- _Exercise brief_
In the entries below, begin at the line that has "Flat QI com", stop after the line that has "2011 Toyota Tundra Grade", and output those lines exactly with no pictures.

- _Records supplied_
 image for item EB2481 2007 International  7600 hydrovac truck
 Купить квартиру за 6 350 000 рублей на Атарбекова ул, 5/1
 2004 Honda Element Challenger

==

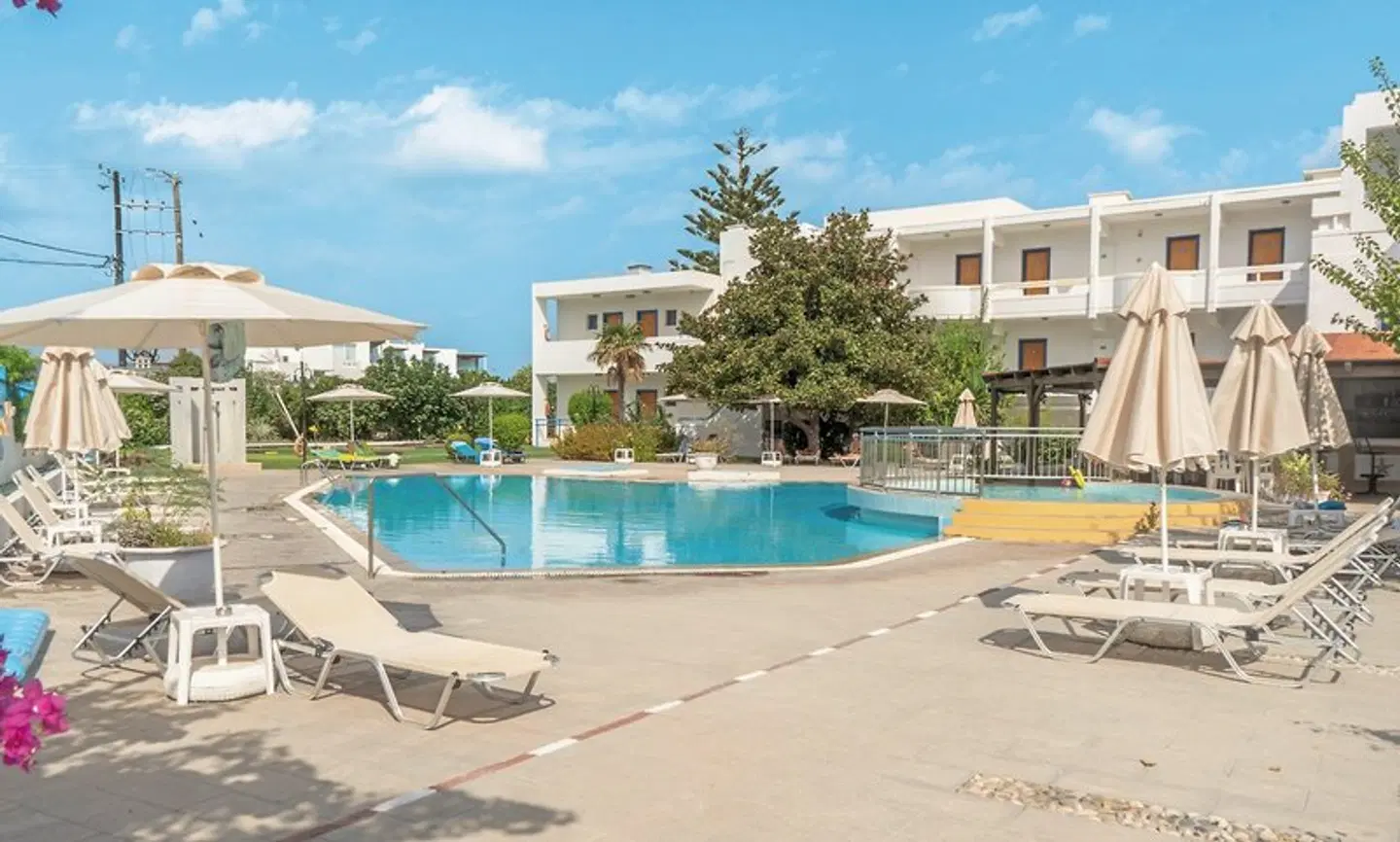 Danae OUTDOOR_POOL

* * *

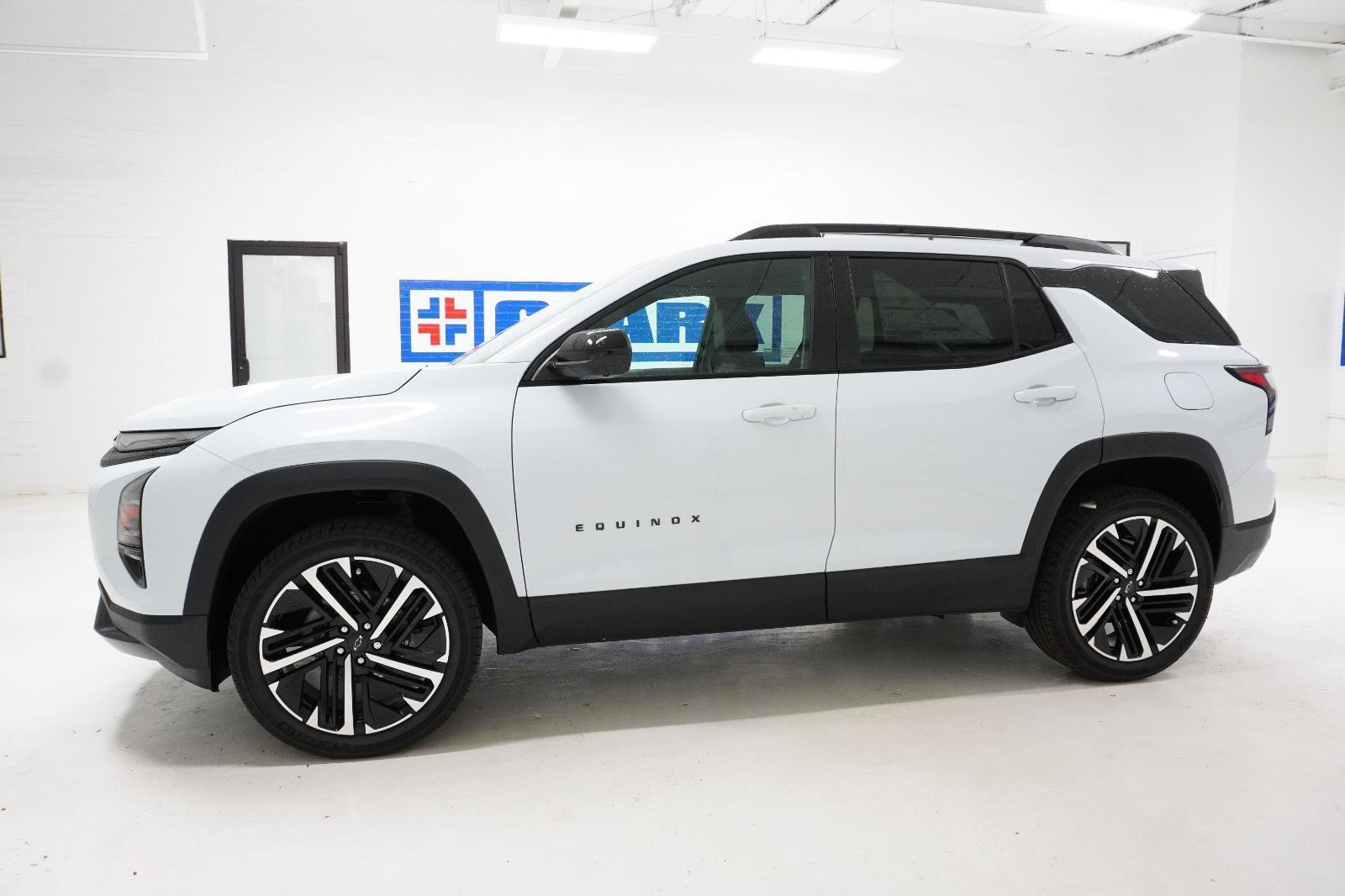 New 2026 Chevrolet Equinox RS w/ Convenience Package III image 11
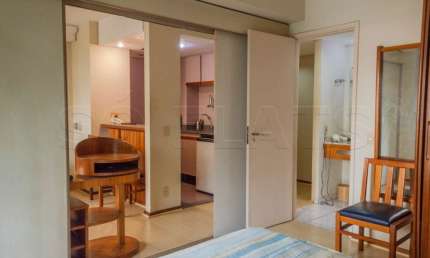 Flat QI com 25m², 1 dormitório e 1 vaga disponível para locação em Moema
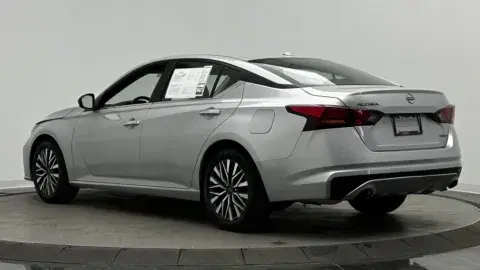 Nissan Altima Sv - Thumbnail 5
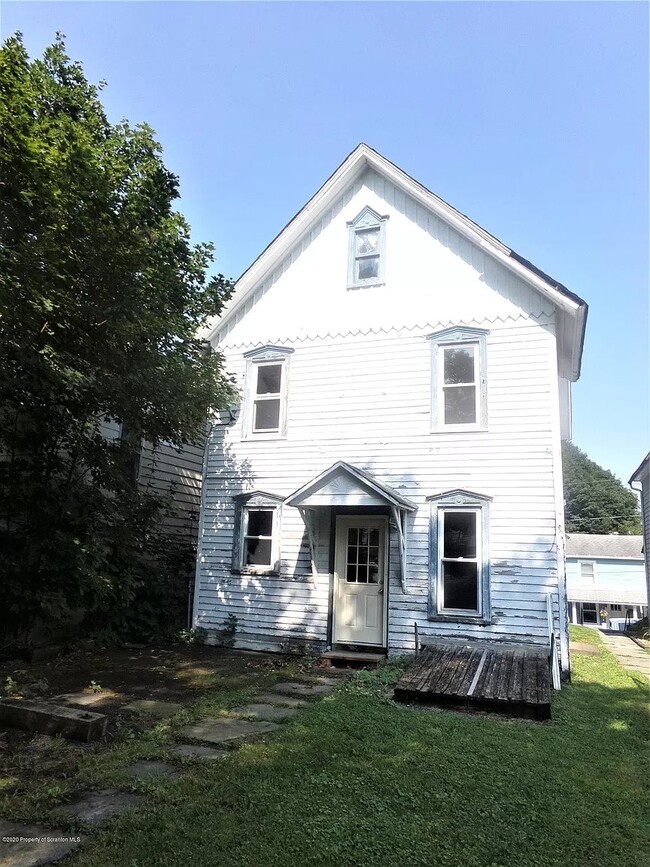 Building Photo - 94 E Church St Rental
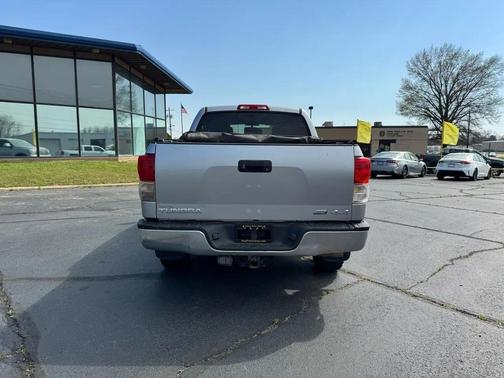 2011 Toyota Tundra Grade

- _Final answer_
 Flat QI com 25m², 1 dormitório e 1 vaga disponível para locação em Moema
 Nissan Altima Sv - Thumbnail 5
 Building Photo - 94 E Church St Rental
 2011 Toyota Tundra Grade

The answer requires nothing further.